Successful completion of the sale of shares to selected investors

NOT FOR RELEASE, PUBLICATION OR DISTRIBUTION, DIRECTLY OR INDIRECTLY, IN OR INTO THE UNITED STATES, AUSTRALIA, CANADA OR JAPAN OR IN ANY JURISDICTION IN WHICH SUCH RELEASE, PUBLICATION OR DISTRIBUTION WOULD BE UNLAWFUL.

 

TERNA ENERGY S.A

announces

the successful sale of 12,000,000 shares issued by Terna Energy S.A. to selected investors

Following its announcement dated 17 January 2018, TERNA ENERGY S.A. (the “Company”) announces the successful sale by way of private placement to selected investors in Greece and abroad of 12,000,000 Company's common shares, at a price of €4.35 per share. Approximately 85% of the total shares were placed with international investors and 30 funds participated in this private placement. AXIA VENTURES GROUP LTD, EUROXX SECURITIES S.A. and LXM FINANCE LLP acted as Managers of the book building process. The block trades are expected to take place tomorrow, on 19.01.2018.

The successful private placement of 12,000,000 Company's shares to selected investors confirms the trust of the investment community in the Company's prospects, enhances the free float of the shares, while it also provides additional equity to be invested in new renewable energy projects.

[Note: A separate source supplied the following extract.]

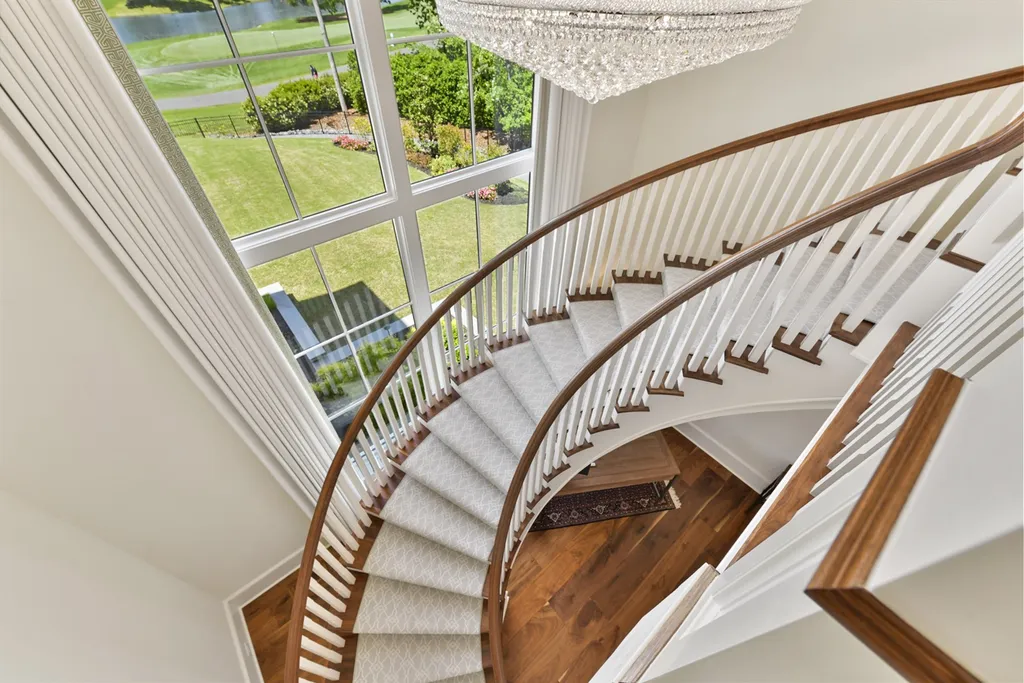7214 Baltusrol Lane Home in Charlotte, North Carolina. Recently renovated with custom details, including Canadian Black Walnut hardwoods and Italian Calacatta marble, this home exudes elegance. The chef's kitchen, luxurious primary suite, and outdoor entertainment area with a pool and fireplace make this home the epitome of luxury. With a 3-car garage and golf cart bay, it caters to every need. Don't miss this opportunity to own a truly remarkable property.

The shareholder base of the Company is being expanded through the participation of more international institutional investors which is expected to have a positive impact in the marketability of the Company's shares in the medium term.

  

Athens, 18 January 2018

 

 

Important Notice

The distribution of this announcement and the offer and sale of the shares in certain jurisdictions may be restricted by law. The shares may not be offered to the public in any jurisdiction in circumstances which would require the preparation or registration of any prospectus or offering document relating to the shares in such jurisdiction. No action has been taken by TERNA ENERGY S.A. or AXIA VENTURES GROUP LTD, EUROXX SECURITIES S.A. and LXM FINANCE LLP or any of their respective affiliates that would permit an offering of the shares or possession or distribution of this announcement or any other offering or publicity material relating to such securities in any jurisdiction where action for that purpose is required. Persons into whose possession this announcement comes are required to inform themselves about and to observe any such restrictions. Any failure to comply with these restrictions may constitute a violation of the securities laws of any such jurisdiction.

This announcement is for information purposes only and does not constitute or form a part of an offer to sell or a solicitation of an offer to purchase any security of TERNA ENERGY S.A. in the United States or in any other jurisdiction where such offer or solicitation is unlawful. The securities described in this announcement have not been and will not be registered under the U.S. Securities Act of 1933, as amended (the “Securities Act”), or any applicable state or foreign securities laws and may not be offered or sold in the United States absent registration or an exemption from the registration requirements of the Securities Act. There will be no public offering of securities in the United States. In the United States, the securities described in this announcement will be offered and sold solely to “qualified institutional buyers” as defined in Rule 144A under the Securities Act who are also “qualified purchasers” as defined in the US Investment Company Act of 1940, as amended.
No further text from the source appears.